Gleich vorab: Dieses interessante Buch ist für Politiker, Stadtplaner und Architekten gedacht. Es holt 18 große Wiener Wohnsiedlungen vor den Vorhang, die nach dem Prinzip „Wohnen & Arbeiten“ in den 80er und 90er Jahren errichtet worden sind.

Diese 18 Wohnsiedlungen sind:

Assanierungsgebiet Ottakring
Wohnpark Alt-Erlaa
Wohnpark Sandleiten
Wohnpark Rennweg
Wohnpark Kornäusl
Wohnpark Handelskai
Wohnpark Dresdner Straße
Wohnpark Erdberg
Meiselmarkt
Zentrum Muthgasse
Wohnpark und Hochhaus Neue Donau
Wohnpark Kreuzgasse
Trillerpark
Millenium City
Wohnpark Molkereistraße
Kabelwerk
Liesinger Brauerei
Schloss Liesing

Allen Projekten ist gemeinsam, dass sie unter der Ära von Finanzstadtrat Hans Mayr initiiert und durchgeführt wurde, der Ansatz eine gute Mischung zwischen Wohnen, Arbeiten und Freizeit anzustreben. In der Vergangenheit haben ja reine Wohnschlafstadtteile für mehr Verkehr und gettoähnliche Zustände gesorgt, die nicht mehr anzustreben waren.

Meine Meinung:

Autor Manfred Wasner, selbst Architekt und in einige Projekt eingebunden, berichtet in insgesamt sieben Abschnitten über die Erkenntnisse dieser Wohnbauära. Leider sind die ersten Kapitel ziemlich trocken und voller Statistiken, was keine leichte Kost ist, aber für den Erkenntnisgewinn (Kapitel 5), wie ein gelungener Mix aus Wohnen & Arbeiten aussehen kann und soll, wichtig ist.
Interessant sind dann Kapitel 6 und 7, in der zahlreiche Anekdoten aus der Arbeitsweise der Wiener Stadtpolitik eingeflochten sind.

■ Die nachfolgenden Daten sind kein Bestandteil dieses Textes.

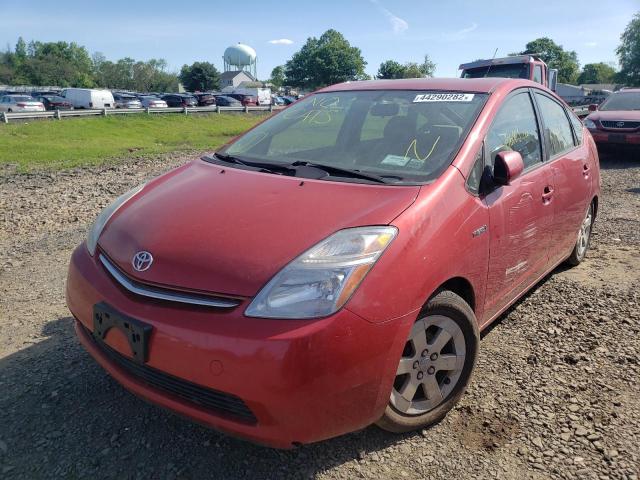 Photo 2 from auction – 2007 TOYOTA PRIUS with VIN JTDKB20UX77551653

Als Wienerin, die mehrere Arten zu wohnen kennengelernt hat, hat mich dieses Buch sehr interessiert, vor allem deswegen, weil ich einige Zeit einem Architekten gearbeitet habe.

Man kann aus diesem Buch Erkenntnisse gewinnen, warum das eine Stadtviertel lebendiger als so manch anderes ist. Daher sei dieses Buch den Stadtplanern ans Herz gelegt.

Fazit:

Gerne gebe ich diesem Buch, dessen Zielgruppe sich eher aus Stadtplanern, Architekten und Politikern zusammensetzt als aus „normalen“ Lesern, 4 Sterne.